The listing below is to be written out word for word, minus its images.

┌─ SUPPLIED DATA

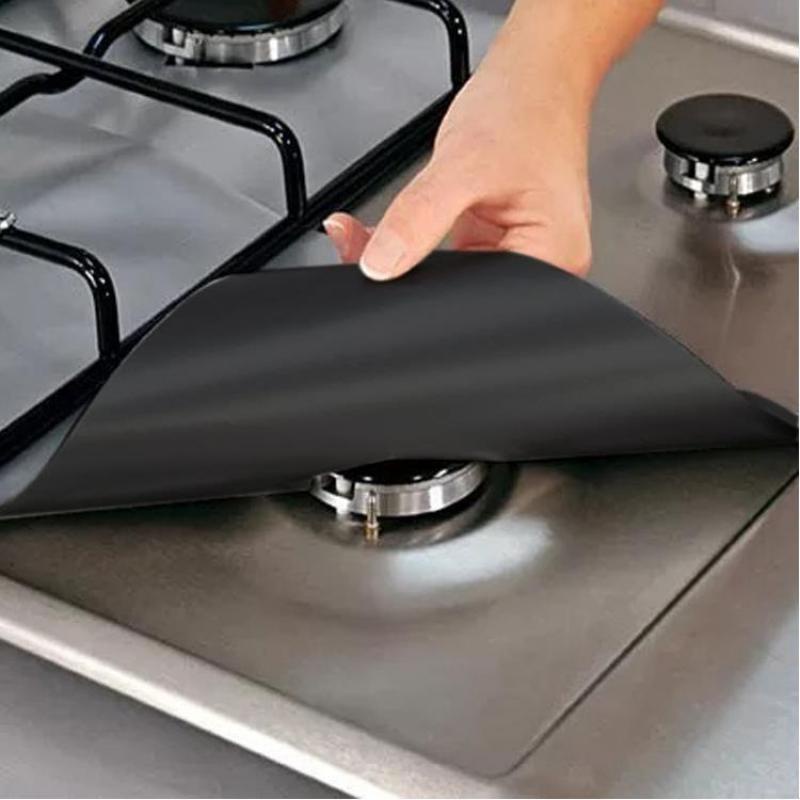 4pcs/set Tatakan Kompor Gas Penutup Pelindung Kompor Reusable Stovetop Burner Protector Aksesoris Dapur Mat Cooker Cover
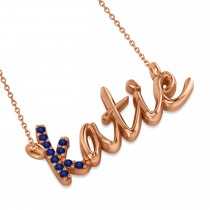 Personalized Blue Sapphire Nameplate Pendant Necklace 14k Rose Gold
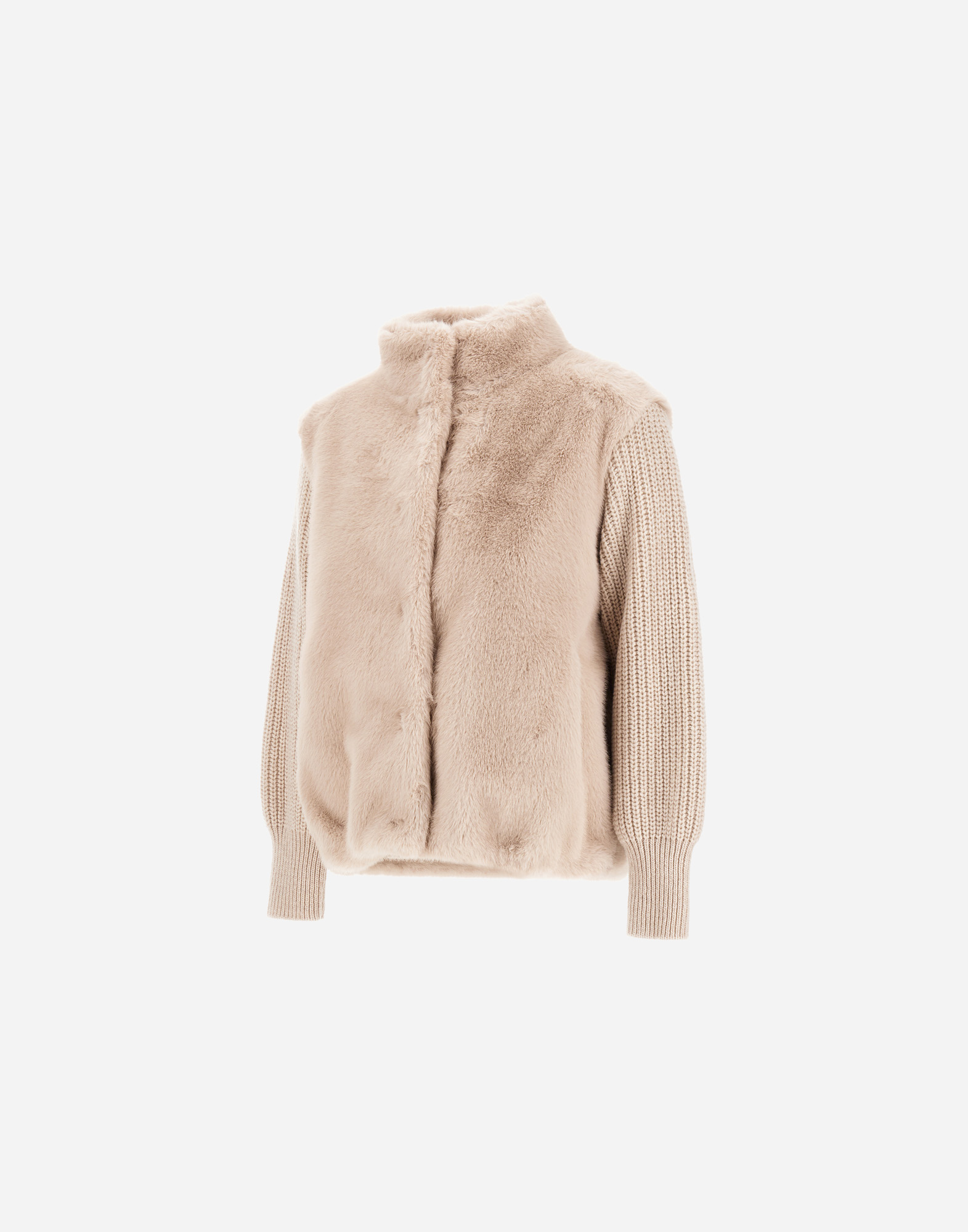 Herno Resort Jacket In Faux Mink Fur In White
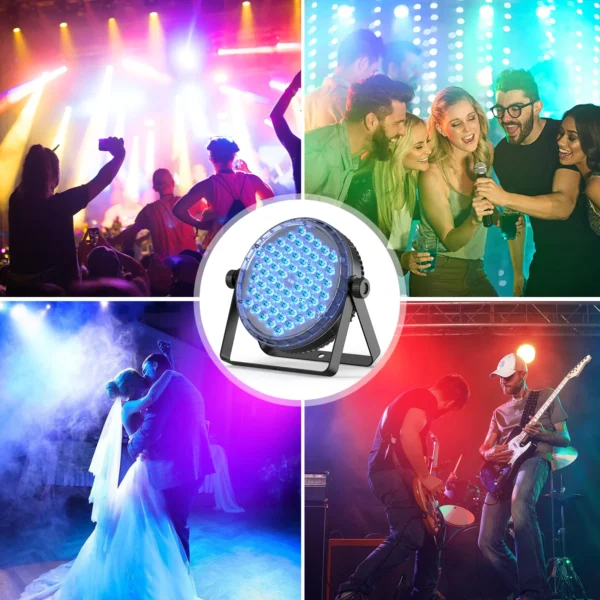 Somspot RGBW 4-in-1 LED Par Lights DMX512 Stage Effect Lighting Projector For DJ Disco Club Wedding Party Church, 4PCS/SET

└─

COMPLETED EXERCISE:
 4pcs/set Tatakan Kompor Gas Penutup Pelindung Kompor Reusable Stovetop Burner Protector Aksesoris Dapur Mat Cooker Cover
 Personalized Blue Sapphire Nameplate Pendant Necklace 14k Rose Gold
 Herno Resort Jacket In Faux Mink Fur In White
 Somspot RGBW 4-in-1 LED Par Lights DMX512 Stage Effect Lighting Projector For DJ Disco Club Wedding Party Church, 4PCS/SET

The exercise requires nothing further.